## Problem description
Would you give the entries again word for word, with no pictures in the copy?

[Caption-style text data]
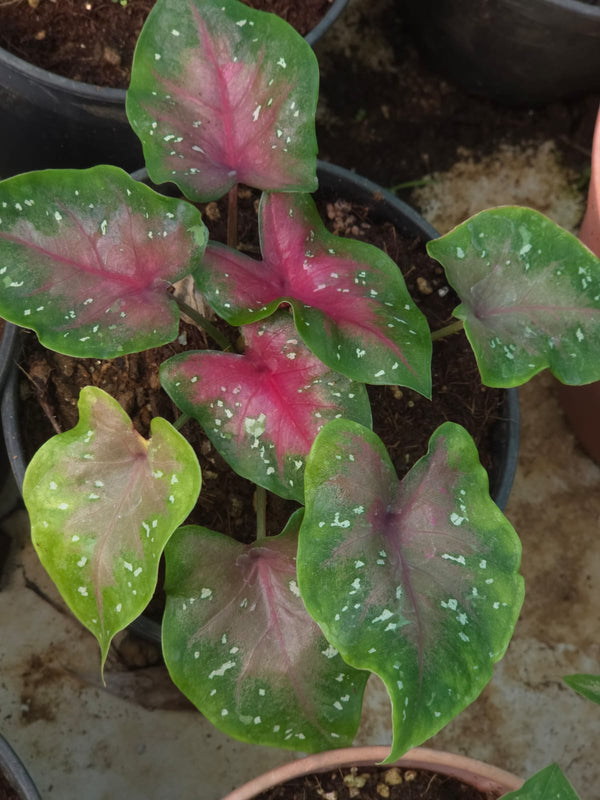 Caladium 267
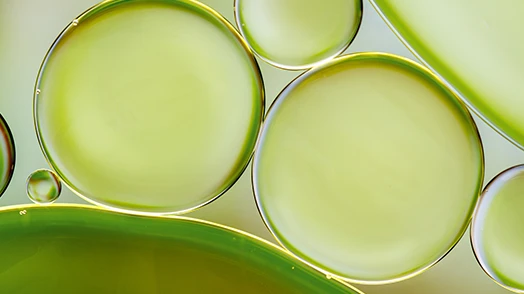 Due cerchi gialli vicini con spre in mezzo un cerchio giallo più piccolo.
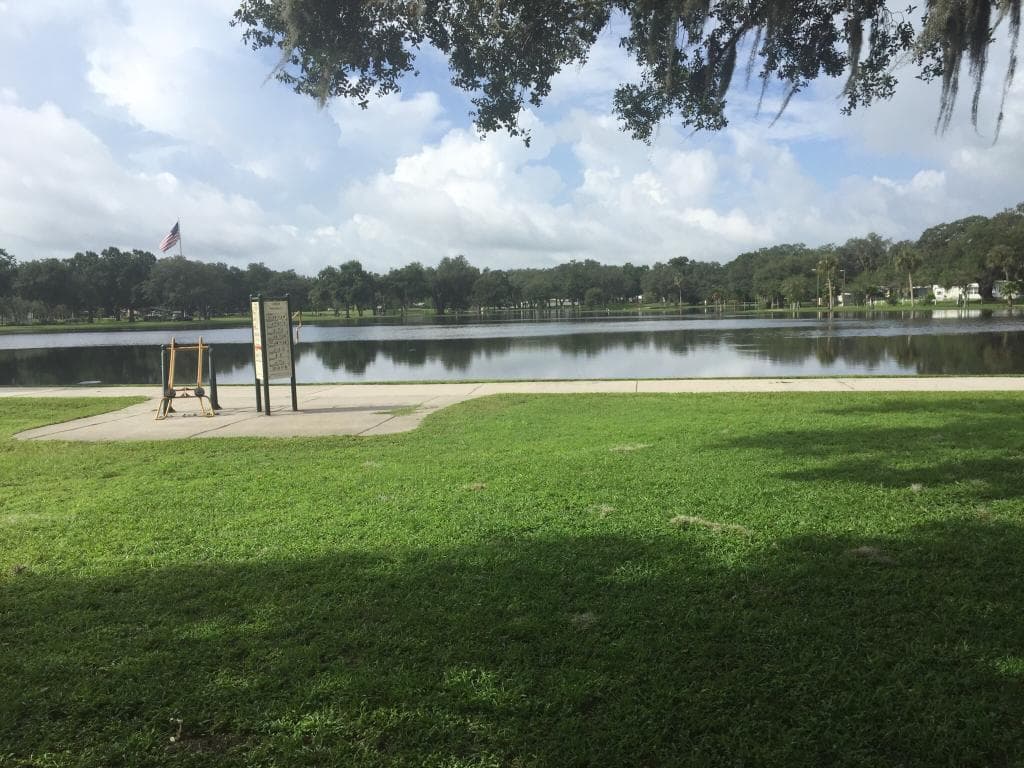Play area and some shade. Lots of ants, so watch your step.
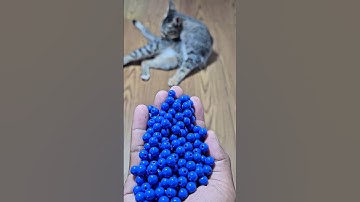 beads reverse 🧶 Cat asmr reverse video #cat #asmr #reverse #satisfying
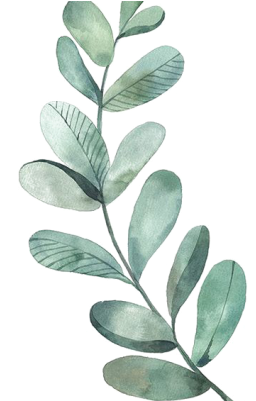 Kisspng Leaf Drawing Watercolor Painting Illustration - Eucalyptus Leaves Clip Art (400x400)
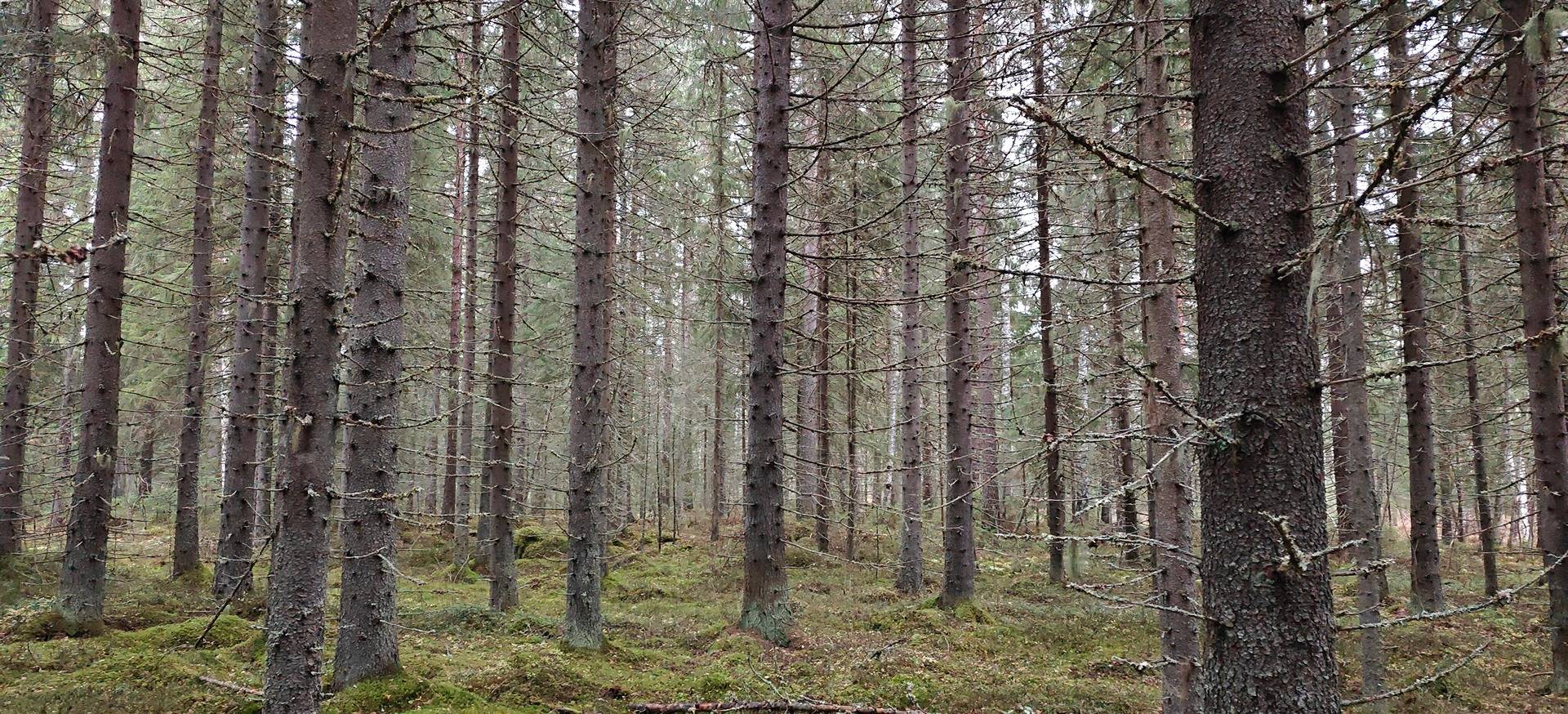 Kansikuva kohteelle Kärnä, Kähärä  931-408-5-36 määräala & Tyynelä 931-408-5-34 määräala
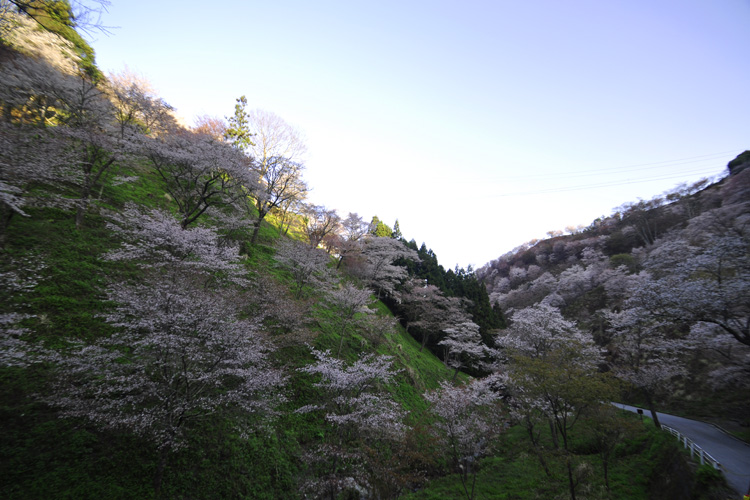 吉野山・下千本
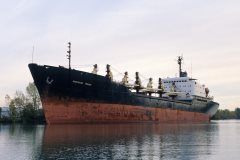 Thumbnail Image for Phoenician Trader oncontextmenu=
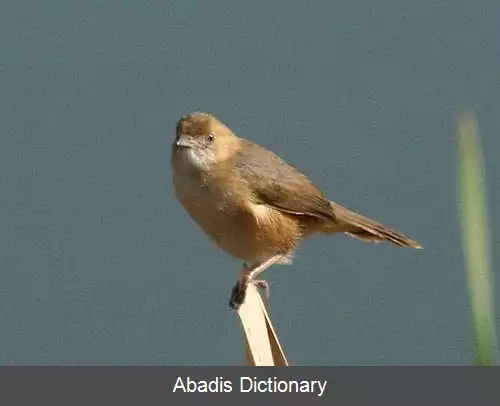 عکس سبدنشین سرخ چهره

## Reply to the exercise
 Caladium 267
 Due cerchi gialli vicini con spre in mezzo un cerchio giallo più piccolo.
Play area and some shade. Lots of ants, so watch your step.
 beads reverse 🧶 Cat asmr reverse video #cat #asmr #reverse #satisfying
 Kisspng Leaf Drawing Watercolor Painting Illustration - Eucalyptus Leaves Clip Art (400x400)
 Kansikuva kohteelle Kärnä, Kähärä  931-408-5-36 määräala & Tyynelä 931-408-5-34 määräala
 吉野山・下千本
 Thumbnail Image for Phoenician Trader oncontextmenu=
 عکس سبدنشین سرخ چهره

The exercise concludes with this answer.